Gus found that the estimated values for K were below 1 for all the models, showing that *all* of them had decreasing hazard rates.
A distribution that generalises another is always going to get a better fit of the data than my exponential distribution, so fit alone wouldn’t be decisive. But the way that every single model has K statistically significantly below 1 convinces me he is right.
So what does this mean?
One thing is that it gives very different estimated success rates for tasks much shorter or longer than the 50% horizon (which METR focuses on because it is easier to reliably estimate). e.g. use the Weibull to estimate the 99% horizon (or 10% horizon).
Another thing is that the AI agents mainly have a K of about 0.6, while the human value of K is significantly lower, at about 0.4. This means even if they have the same 50% horizon, humans can do better on really long tasks (and worse on really short ones).

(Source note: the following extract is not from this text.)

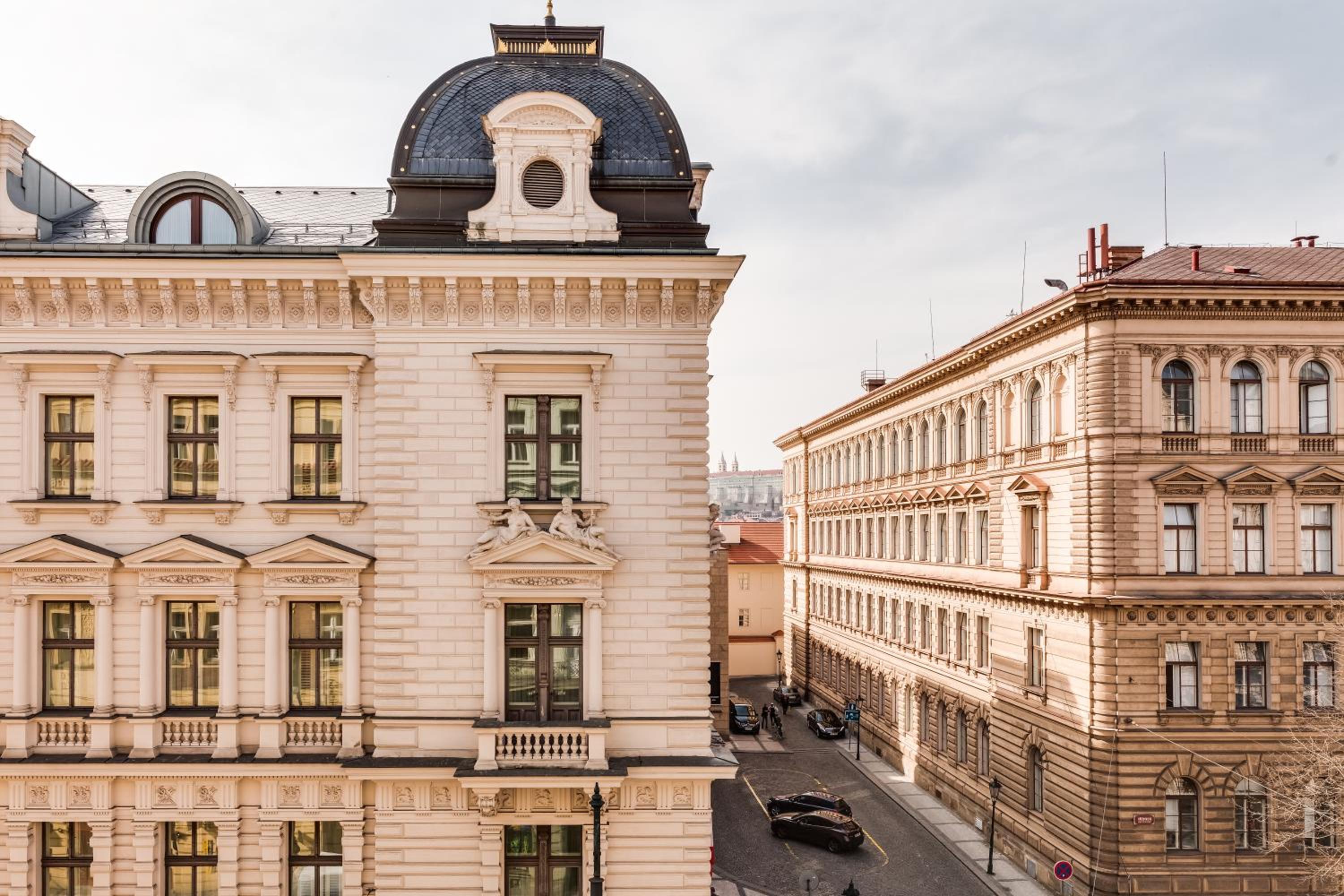 Charles Bridge - 3 bedroom Apartment - Old Town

As this shows, for a fixed 50% horizon length, it isn’t clearly better or worse to have a lower value of K. Lower values are good for the low success rate really long tasks, but worse for the high reliability thresholds.

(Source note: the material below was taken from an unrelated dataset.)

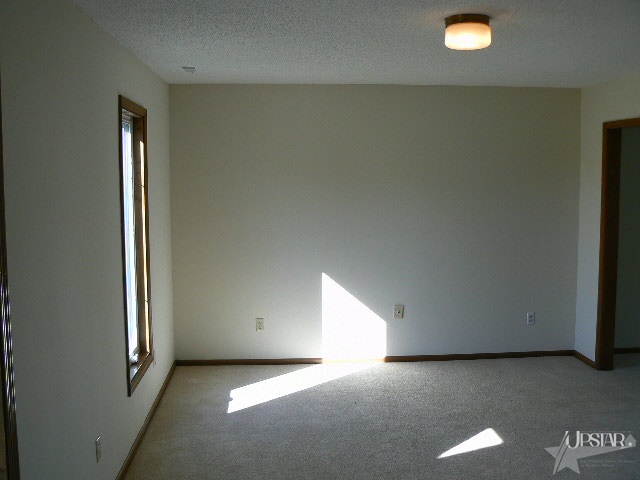 1516 Carlow Ct, Fort Wayne, IN 46815 photo 3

As a word of warning, I was quite sure before METR released its Opus 4.5 results that it was going to have a more human-like value of K, since it had a great 50% horizon, but only an average showing at 80%. But the estimates are that its value of K is similar. I’m not sure why that is, but it might be due to the fact that there isn’t much data to go on here and things are quite noisy for any individual model.
So, from Gus’s results, it still looks like there is some important gap between how human success rates drop off at longer tasks versus how AI agents do.
Gus also compares his two-parameter Weibull model of the data to METR’s two-parameter log-logistic model. He finds that they are similar, but with the log-logistic fitting slightly better. So it isn’t clear which of these to use if you have the choice. They differ quite a lot in the tails of the distribution (i.e. in estimated success rates for very short or very long tasks). e.g. the Weibull says the 99% horizon is 1/20th as long as the log-logistic predicts. That’s a big deal and the data doesn’t tell us which to favour! I’d slightly favour the Weibull, on the grounds that it is more plausible ex ante. But maybe the bigger lesson is that it is unknown which is right, and thus the 99% horizons (necessary for much useful work) are deeply uncertain.